Significance Plant microRNAs (miRNAs) control intricate gene regulatory networks and have been implicated in important developmental switches and stress responses. Plant miRNAs have recently emerged as promising targets for crop improvement because they can control complex agronomic traits; however, functional studies using reverse genetics have been hampered by practical difficulties. We have silenced 35 miRNA families in rice to generate a resource for discovering new functions of miRNAs and targets of agronomic improvements. As a proof of concept, we show that manipulation of a promising miRNA, miRNA398, leads to important yield improvements. Our findings also reveal important agronomic roles for several miRNAs. Improvements in plant agricultural productivity are urgently needed to reduce the dependency on limited natural resources and produce enough food for a growing world population. Human intervention over thousands of years has improved the yield of important crops; however, it is increasingly difficult to find new targets for genetic improvement. MicroRNAs (miRNAs) are promising targets for crop improvement, but their inactivation is technically challenging and has hampered functional analyses. We have produced a large collection of transgenic short tandem target mimic (STTM) lines silencing 35 miRNA families in rice as a resource for functional studies and crop improvement. Visual assessment of field-grown miRNA-silenced lines uncovered alterations in many valuable agronomic traits, including plant height, tiller number, and grain number, that remained stable for up to five generations. We show that manipulation of miR398 can increase panicle length, grain number, and grain size in rice. In addition, we discovered additional agronomic functions for several known miRNAs, including miR172 and miR156. Our collection of STTM lines thus represents a valuable resource for functional analysis of rice miRNAs, as well as for agronomic improvement that can be readily transferred to other important food crops.

TCP24 modulates secondary cell wall thickening and anther endothecium development.

miR319-targeted TCP genes are believed to regulate cell division in leaves and floral organs. However, it remains unknown whether these genes are involved in cell wall development. Here, we report that TCP24 negatively regulates secondary wall thickening in floral organs and roots. The overexpression of the miR319a-resistant version of TCP24 in Arabidopsis disrupted the thickening of secondary cell walls in the anther endothecium, leading to male sterility because of arrested anther dehiscence and pollen release. Several genes linked to secondary cell wall biogenesis and thickening were down-regulated in these transgenic plants. By contrast, the inhibition of TCP24 using the ectopic expression of a TCP24-SRDX repressor fusion protein, or the silencing of TCP genes by miR319a overexpression, increased cell wall lignification and the enhanced secondary cell wall thickening. Our results suggest that TCP24 acts as an important regulator of secondary cell wall thickening and modulates anther endothecium development.

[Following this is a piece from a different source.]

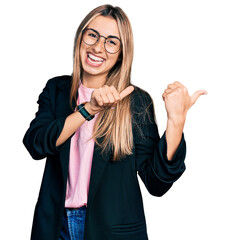 Wall Mural - Hispanic young woman wearing business jacket and glasses pointing to the back behind with hand and thumbs up, smiling confident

Efficient Generation of diRNAs Requires Components in the Posttranscriptional Gene Silencing Pathway

It has been reported that double-stranded break (DSB)-induced small RNAs (diRNAs) are generated via the RNA-directed DNA methylation pathway and function in DSB repair in Arabidposis. However, important questions remain regarding the biogenesis and function of diRNAs. Here, we used CRISPR/Cas9- or TALEN-triggered DSBs to characterize diRNAs in Arabidopsis and rice. We found that 21-nt diRNAs were generated from a 35S promoter::GU-US reporter transgene targeted by CRISPR/Cas9. Unexpectedly, Pol II transcription of the transgene was required for efficient diRNA production and the level of diRNA accumulation correlated with the expression level of the transgene. diRNAs were not detected from CRISPR/Cas9- or TALEN-induced DSBs within the examined endogenous genes in Arabidopsis or rice. We also found that DCL4 and RDR6 that are known to be involved in posttranscriptional gene silencing were required to generate diRNAs. Our results suggest that DSBs are necessary but not sufficient for efficient diRNA generation and a high level of diRNAs is not necessary for DSB repair.